All parts of an explanation do not have the same level of uncertainty associated with it. In such cases, it could be beneficial to remove input features that are indicated as important but also have high uncertainty, while only keeping important input features with low uncertainty. This could increase the faithfulness of an explanation and provide clearer explanations. Therefore, we propose a thresholding approach where explanations with high uncertainty are removed from the explanation. We define our U-RELAX importance score as:

$$\begin{aligned} \bar{R}_{ij}' = {\left\{ \begin{array}{ll} \bar{R}_{ij},\quad &{}\text { if } \bar{U}_{ij} < \epsilon \\ 0, &{}\text { otherwise } \end{array}\right. }, \end{aligned}$$
(10)

where \(\epsilon \) is a threshold chosen by the user. Essentially, Eq. (10) provides the possibility to only consider explanations of a particular certainty level, depending on \(\epsilon \). We propose two ways of choosing epsilon. First as:

$$\begin{aligned} \epsilon = \frac{\gamma }{HW}\sum _i^H\sum _j^W \bar{U}_{ij}, \end{aligned}$$
(11)

that is, the average uncertainty for a particular image, weighted by hyperparameter \(\gamma \). This provides a simple and intuitive way of selecting the threshold, which is motivated by only wanting to consider pixels that have high importance and low uncertainty. Alternatively, \(\epsilon \) can be computed by taking the median uncertainty for a particular image. Using mean or median statistics to select hyperparameters is a common approach in machine learning. For instance, in kernel methods the kernel width is often chosen by taking the mean or median distance between all samples in the training data Nordhaug Myhre et al. (2018); Shi et al. (2009). Determining which approach will give the best performance is dependent on the distribution of the data, in this case the distribution of the uncertainty estimates for a given image. The median is more robust to outliers in the data Leys et al. (2013), and could therefore be a better choice for noisy or challenging samples. If the distribution is symmetric the mean is usually preferred Leys et al. (2013). In Sect. 5.4, we conduct a thorough examination of the mean versus median thresholding approach for U-RELAX.

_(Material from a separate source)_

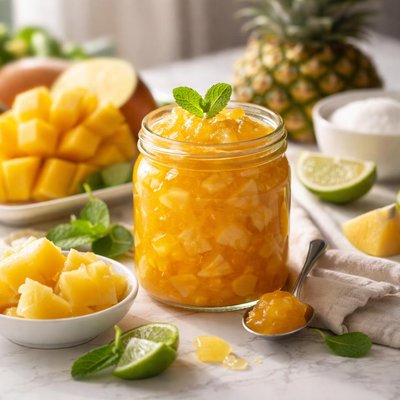 Image of Mango and Pineapple Jam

We refer to this uncertainty-filtered version of RELAX as U-RELAX. Figure 3 shows an example of the U-RELAX explanation compared with the RELAX explanation. In this case, the emphasis on the bird in the background is removed as the uncertainty was too high for this part of the explanation.

3.4 One-Pass Version of RELAX

Computing Eq. (9) requires first computing Eq. (2), since the uncertainty estimation requires an estimate of the importance in order to be computed. This introduces additional computational overhead. We refer to computing Eq. (2) followed by Eq. (9) as the two-pass version of RELAX. To improve computational efficiency, we propose an online version of RELAX where importance and uncertainty is computed simultaneously, which we refer to as the one-pass version of RELAX. One-pass RELAX is based on well-known estimators of running mean and variance (West, 1979). Importance is computed as:

$$\begin{aligned} \begin{aligned} \bar{R}_{ij}^{(n)}&= \bar{R}_{ij}^{(n-1)} \\&\quad + M_{ij}(n)\frac{s(\textbf{h}, \bar{\textbf{h}}_n)(n)-\bar{R}_{ij}^{(n-1)}}{W_{ij}(n)}, \end{aligned} \end{aligned}$$
(12)

where \(\bar{R}_{ij}^{(n)}\) is the importance of pixel (ij) at mask n, and \(W_{ij}(n)=\sum _{n'=0}^n M_{ij}(n')\) is the sum of the mask elements (ij) for the first n masks. Uncertainty is computed as:

$$\begin{aligned} \begin{aligned} \bar{U}_{ij}^{(n)}&= \bar{U}_{ij}^{(n-1)}+ M_{ij}(n)(s(\textbf{h}, \bar{\textbf{h}}_n) \\&\quad - \bar{R}_{ij}^{(n)})(s(\textbf{h}, \bar{\textbf{h}}_n)-\bar{R}_{ij}^{(n-1)}), \end{aligned} \end{aligned}$$
(13)

where \(\bar{U}_{ij}^{(n)}\) is the uncertainty in the importance of pixel (ij) after the nth mask. Pseudo-code is shown in Algorithm 1. All experiments are carried out using the one-pass version of RELAX. See “Appendix F” for a comparison of the one-pass versus two-pass version.

figure a

4 Evaluation and Baseline

4.1 Evaluation of Explanations

Evaluation is a developing subfield of XAI, and a unifying score is not agreed upon Doshi-Velez and Kim (2017), even more so for explanations of representations. To evaluate the explanations, we use two of the most widely used explainability evaluation scores, namely localisation and faithfulness (Samek et al., 2017; Petsiuk et al., 2018; Fong et al., 2019; Schulz et al., 2020). All scores are computed using the Quantus toolbox.Footnote 4 Evaluating these metrics is not just important for comparison, but also to ensure the correctness and rigour of RELAX, similarly as done in other works Selvaraju et al. (2017). By measuring the localisation and faithfulness scores of the explanations created from RELAX we empirically investigate the correctness and reliability of RELAX.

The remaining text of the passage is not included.